_WORK TO COMPLETE_
Would you give the listing back word for word once its pictures are removed?

_STORED DATA_
Start of Block
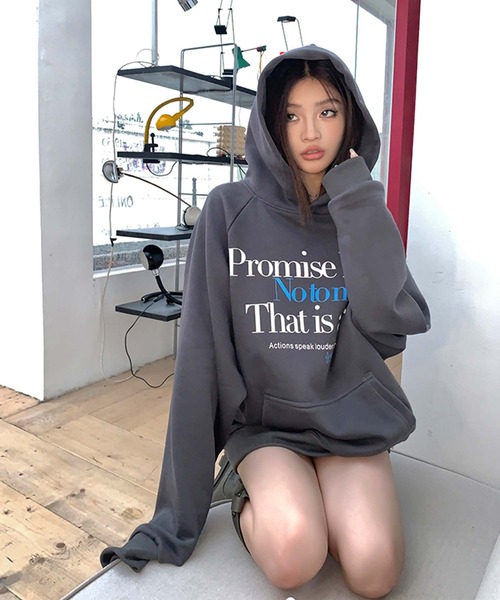 LAFFMO(ラフモ)の「ロゴプリント裏起毛フーディー(スウェット・レディース・グレー・S/M/L)」の6枚目の写真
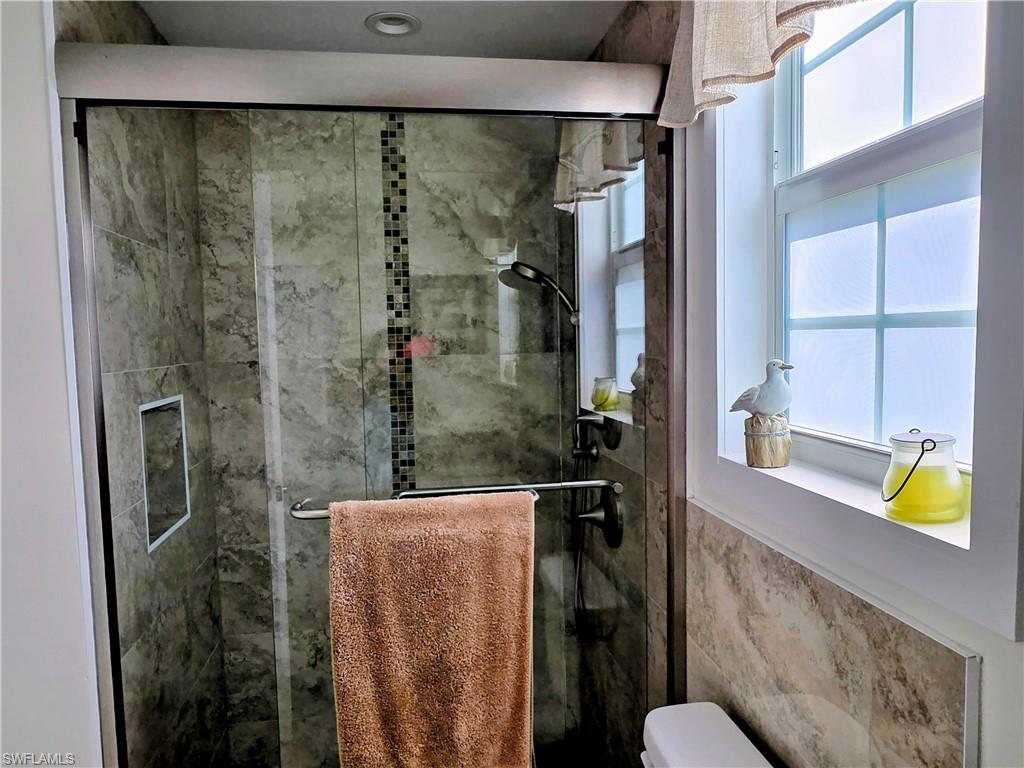 RIVERBEND MOTORCOACH RESORT - Land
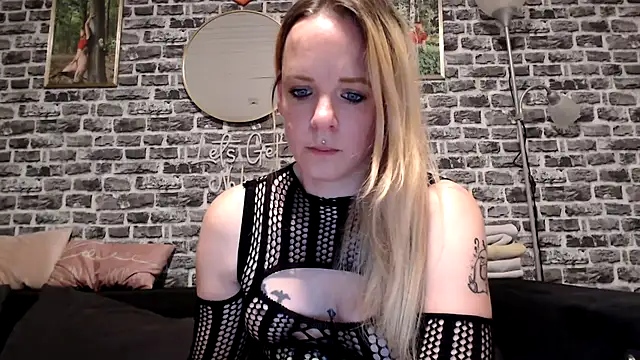 Snapshot of SexyMilf_37 chatting on 05.12.26 SexyMilf 37 online show from 05.12.26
End of Block
_COMPLETED EXERCISE_
 LAFFMO(ラフモ)の「ロゴプリント裏起毛フーディー(スウェット・レディース・グレー・S/M/L)」の6枚目の写真
 RIVERBEND MOTORCOACH RESORT - Land
 Snapshot of SexyMilf_37 chatting on 05.12.26 SexyMilf 37 online show from 05.12.26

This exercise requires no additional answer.